Ocasio-Cortez’s youth is perhaps most evident through her social-media fluency — she’s discussed abortion rights and gun violence on Instagram Live, fundraised for Texas storm relief on Twitter, and encouraged Americans to vote while playing a video game live on Twitch. Still, the congresswoman, who will turn 33 in October, doesn’t define her leadership style by her age.

“There’s plenty of young members doing very strong work, and that, I think, has less to do with age, and I think it’s more of a personality and individual kind of situation,” she told Insider outside the House chamber at the Capitol.

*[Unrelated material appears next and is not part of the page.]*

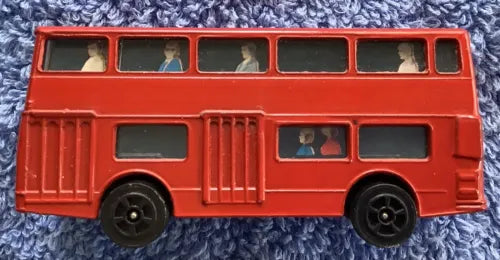 Red diecast London bus toy with black wheels and detailed windows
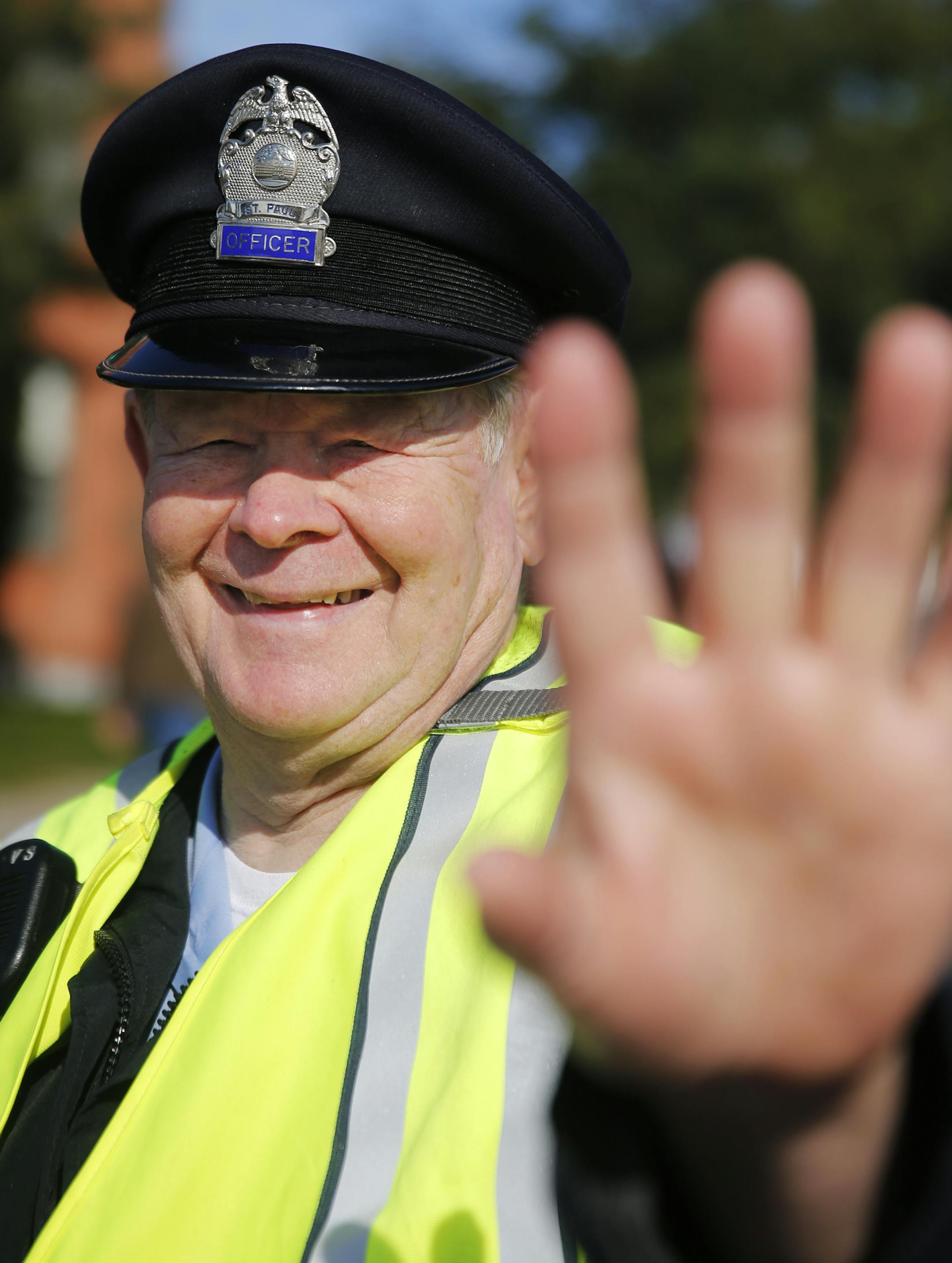 Near the finish of the Medtronics Twin Cities Marathon, Pat Willis directs traffic. He graduated from St. Paul Central High School in 1958. He married his wife, Peggy, 50 years ago this past August. He turns 75 next month. and has been an officer with the St. Paul Police Reserves since 1967.] Richard Tsong-Taatarii/rtsong-taatarii@startribune.com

Younger members of Congress also said they didn’t want to be pigeonholed by their age, nor stereotyped because of the actions of their peers.

“If we stopped electing old white men because an old white man had a scandal, I think we would have a very different Congress,” Democratic Rep. Sara Jacobs of California, 33, told Insider. “So I’m not sure that you should judge every young person by the mistakes that one young person made.”

At 29, Republican Rep. Patrick McHenry of North Carolina was the youngest lawmaker when he assumed office in 2005. While he had some state legislative experience, he called Congress “a different beast entirely” that was “tough to learn.”

“It took me longer to figure the place out than some of my peers, and that had nothing to do with age and everything to do with my capacity,” McHenry told Insider at the Capitol. 

He eventually caught up. McHenry relied on mentorship from his more experienced colleagues to navigate the institution. Over his 17-year career in the House, he has served as the deputy chief whip for his conference, become the ranking member of the House Financial Services Committee, and authored bills signed into law that promoted small businesses and entrepreneurship.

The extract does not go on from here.